The new facade of the Norton Museum of Art, designed by Foster + Partners, image courtesy of Foster + Partners (2018).
The new facade of the Norton Museum of Art, designed by Foster + Partners, image courtesy of Foster + Partners (2018).

The Norton Museum of Art in Wast Palm Beach, Florida, has dramatically expanded its Modern and contemporary art holdings in one fell swoop. The museum announced today that it has received a promised gift of more than 100 works from the collection of Palm Beach residents Howard and Judie Ganek. Collecting, it seems, is a family tradition: The couple are the parents of hedge-fund manager and top collector David Ganek.

The gift includes works by some of the biggest and most coveted names in contemporary art: paintings by Damien Hirst, Anselm Kiefer, Sigmar Polke, Ed Ruscha, and Kara Walker; sculpture by Theaster Gates, Donald Judd, Anish Kapoor, Mario Merz, Juan Muñoz, and Kiki Smith; and photo-based work by Matthew Barney, Nan Goldin, Cindy Sherman, Lorna Simpson, Pipilotti Rist, Bill Viola, and William Wegman, among many others.

Promised gift by Howard L. and Judie Ganek to the Norton Museum of Art. Photo by Jacek Gancarz.

A selection of the works will be on view when the museum unveils its high-profile expansion in February 2019. The new design by Norman Foster will add a new entrance and increase education space by 50 percent and exhibition space by 37 percent, allowing for more special exhibitions and an expanded permanent collection display. (The museum will close for construction in July.)

In addition to the display of works from the Ganek collection, the Norton will reopen with an exhibition on camera-less photography, a solo exhibition of work by artist Nina Chanel Abney (the latest in the museum’s Recognition of Art by Women, or RAW series, dedicated to contemporary art by women), and a presentation of watercolors collected by Ralph Norton.

The project will also feature new public gardens, the first to be designed by Foster. It will house nearly a dozen Modern and contemporary sculptures, including Claes Oldenburg’s giant Typewriter Eraser, Scale X (1998–99). Hope Alswang, the museum’s director, made a comparison to the old Joni Mitchell song, “Big Yellow Taxi.” “We ripped up a parking lot to make paradise,” she told guests at a press luncheon in New York. “It’s Florida. I swear to god if you plant a pencil and water it, in a year you’ll have tree.”

Promised gift by Howard L. and Judie Ganek to the Norton Museum of Art. Photo by Jacek Gancarz.

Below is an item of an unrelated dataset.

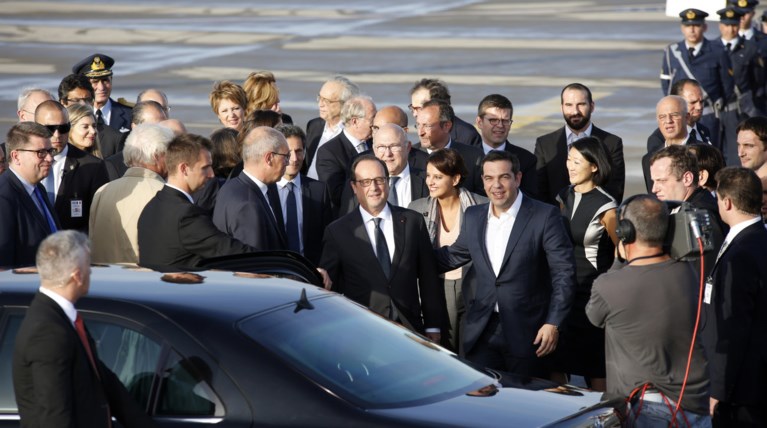 Το tweet του Elysee για την άφιξη Ολάντ στην Αθήνα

Museum leaders have described the Ganeks’ gift as on par with the original seed collection donated by the institution’s namesake, the industrialist Ralph Norton, in 1941. In the past, the Norton has been best known for its holdings of Impressionism, 20th-century American and European painting, and Chinese art. 

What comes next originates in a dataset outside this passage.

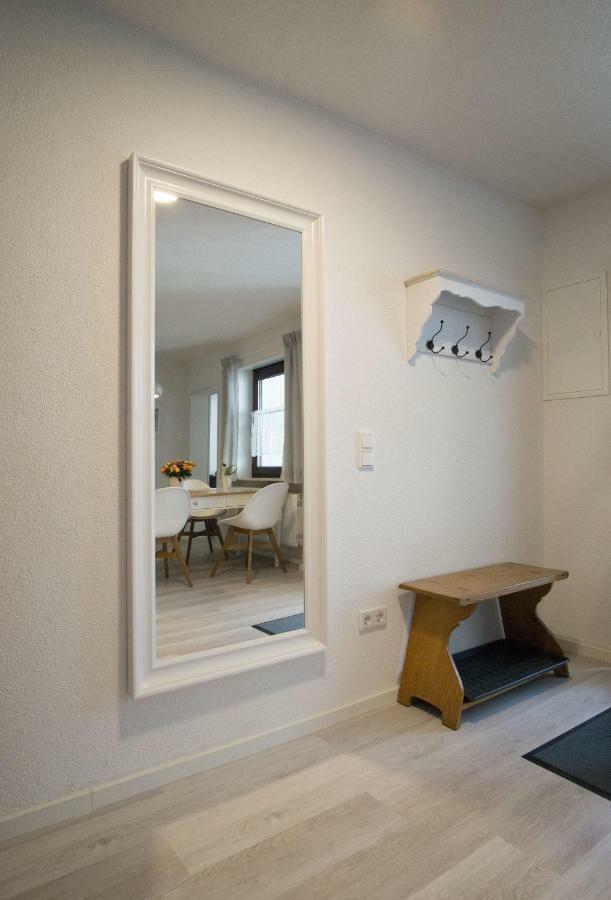 Ferienwohnung Charlotte Weisenheim am Sand Bagian luar foto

“The Ganeks are donating works of art not represented in the collection,” said Cheryl Brutvan, the curator of contemporary art. “Something like Sigmar Polke would be absolutely impossible to consider for the museum’s acquisition budget.”

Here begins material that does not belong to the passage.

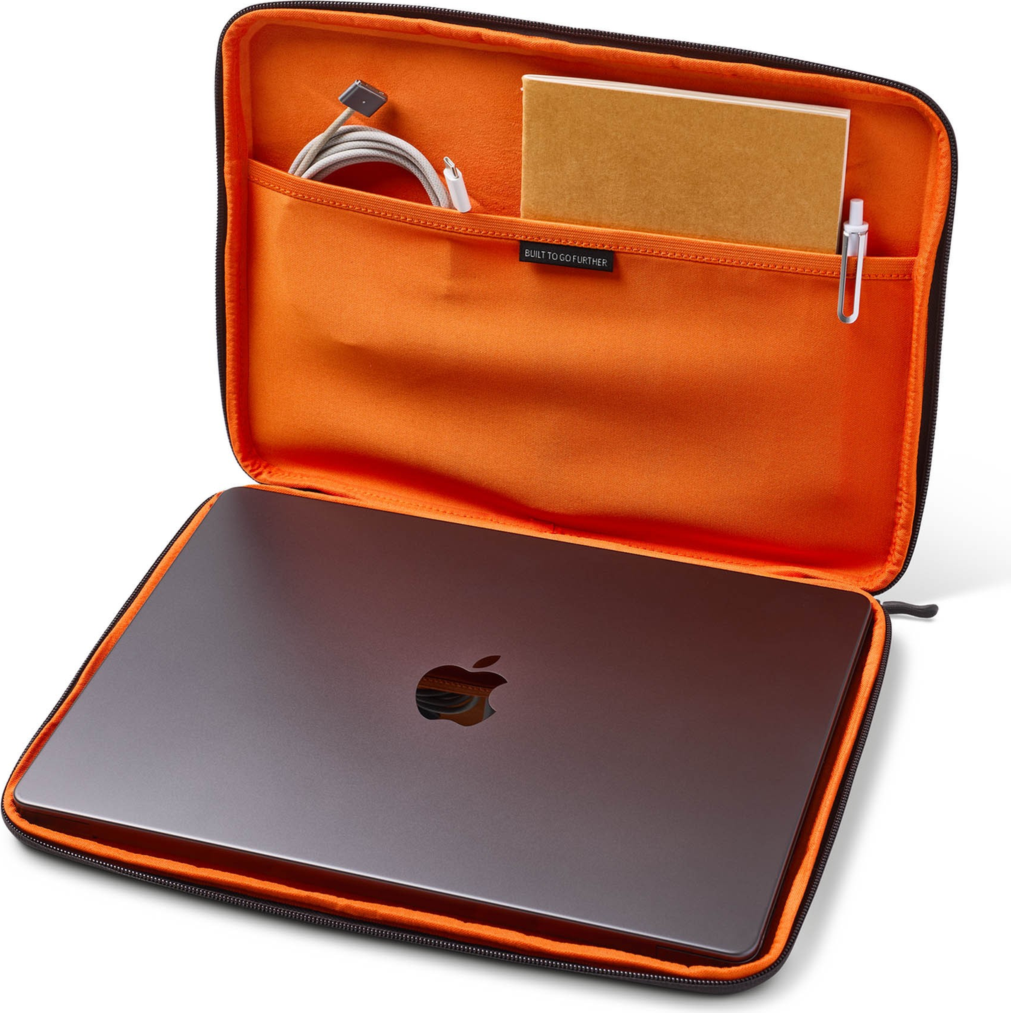 <p>The UAG Civilian Laptop Sleeve is designed to offer lightweight protection and modern style for 16” laptops.</p>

Promised gift by Howard L. and Judie Ganek to the Norton Museum of Art. Photo by Jacek Gancarz.

The gift will make the museum a destination for contemporary art in South Florida, where competition for such material is fierce. (In addition to a strong lineup of private museums founded by contemporary art collectors, Miami alone is home to three public institutions that specialize in the field.) 

Speaking to artnet News, the Ganeks couldn’t agree on how long they had been collecting. Was it 25 years, or 40? Was their first piece by Louis Valtat, or Cindy Sherman? “We were thinking, ‘what are we going to do with all of art?'” said Judie Ganek. “Howard decided one day, and he didn’t even tell me!”

She admitted that they typically make more of an effort to visit museums in New York, where they spend half the year, than the Norton. The couple is excited about the transformative power of their gift for the Florida museum, Judie Ganek added: “I think the museum is going to be fabulous.”